The Church of Nuestra Señora de Guadalupe is located next to the Borda Garden, and was constructed by Manuel de la Borda in 1784. It has a Baroque facade and what is considered to be the best cupola in the city. It was the royal chapel of Emperor Maximilian.

Robert Brady Museum

Museum Courtyard
The Robert Brady Museum is on Nezahualcoyotl Street and occupies the building known as the Casa de la Torre, originally part of the monastery of La Asunción. In 1960, it was purchased by U.S. artist Robert Brady who transformed it into his home and private art and collectible museum. It contains a collection of art and crafts from around the world as well as the original “Self-portrait with monkey” done by Frida Kahlo. Other works are by artists such as Miguel Cobarruvias, Pelegrín Clavé, María Izquierdo and Rufino Tamayo. Non-Mexican paintings include those from North America and Europe. Other objects here include antique furniture, African and Indian crafts and archeological pieces. The collection occupies fourteen rooms of the old house, which has been kept mostly the way it was when Brady died in 1986, bequeathing the house and its contents to the city.

Tlaltenango

Atrium and facade of the Nuestra Señora de los Milagros Church
Tlaltenango used to be a separate town but is now a neighborhood of Cuernavaca city.
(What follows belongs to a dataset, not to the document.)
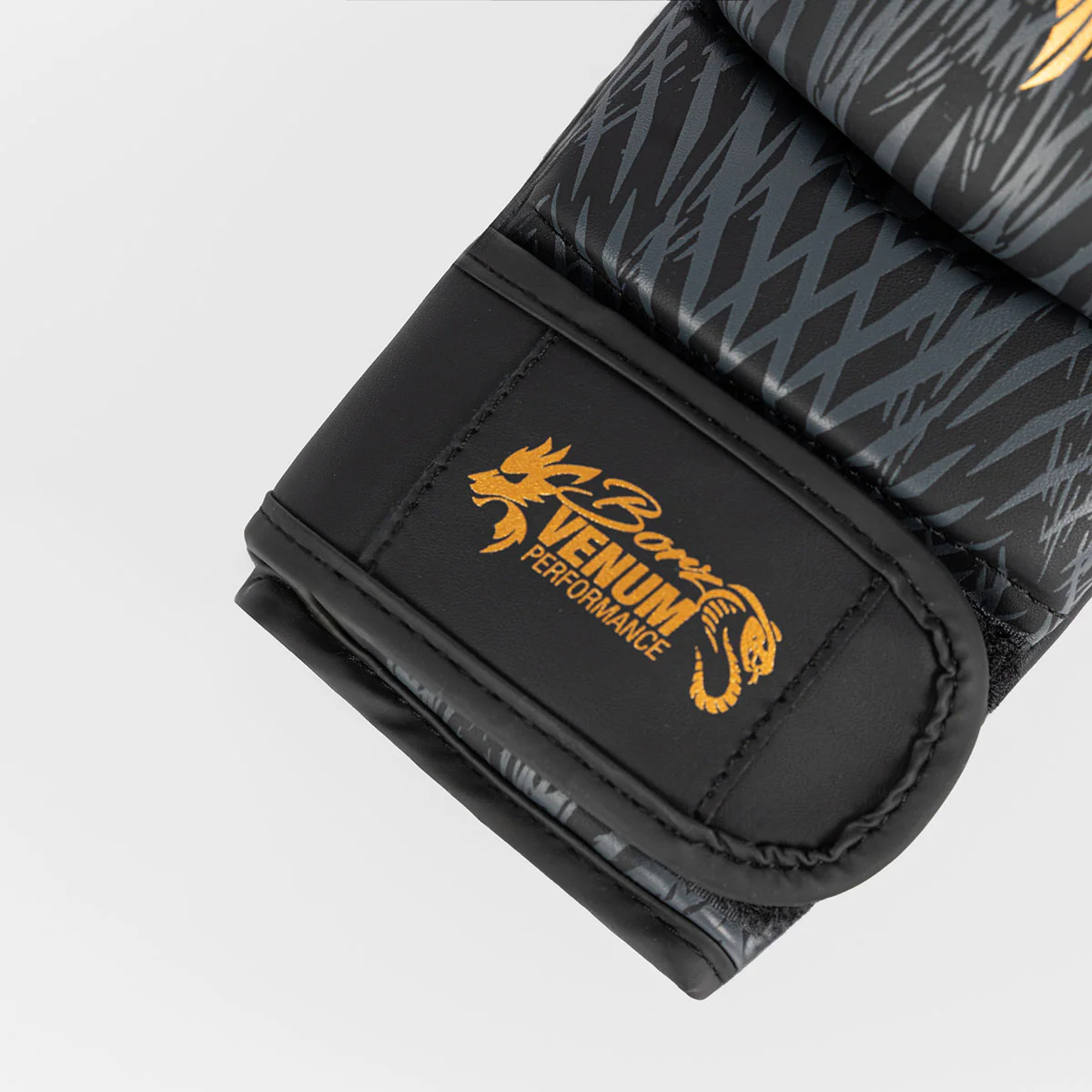 Guantes MMA Venum x Chimaev Wild Borz Negro  - Image 4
The main attraction here is the church compound containing the Church of San José and the Church of Nuestra Señora de los Milagros de Tlaltenango. San José is one of the oldest churches in Mexico, built between 1521 and 1523. Two centuries later an image of the Virgin appeared to this village, prompting the building of the second church. This is the Sanctuary of Nuestra Señora de los Milagros, which was built in 1730, with the bell towers built at the end of the 19th century.

Hacienda Atlacomulco

The Hacienta de San Antonio Atlacomulco is located south of the city and was established by Hernán Cortés as one of the first sugar plantations in Mexico. Descendents of the conquistador held onto the property until the 19th century, when it became the property of Lucas Alamán, who modernized the facility. The hacienda lost is surrounding properties during the Mexican Revolution and all that remains is the main house. After a long period of restoration and modification, the hacienda today houses an exclusive hotel, which can accommodate conventions and banquets.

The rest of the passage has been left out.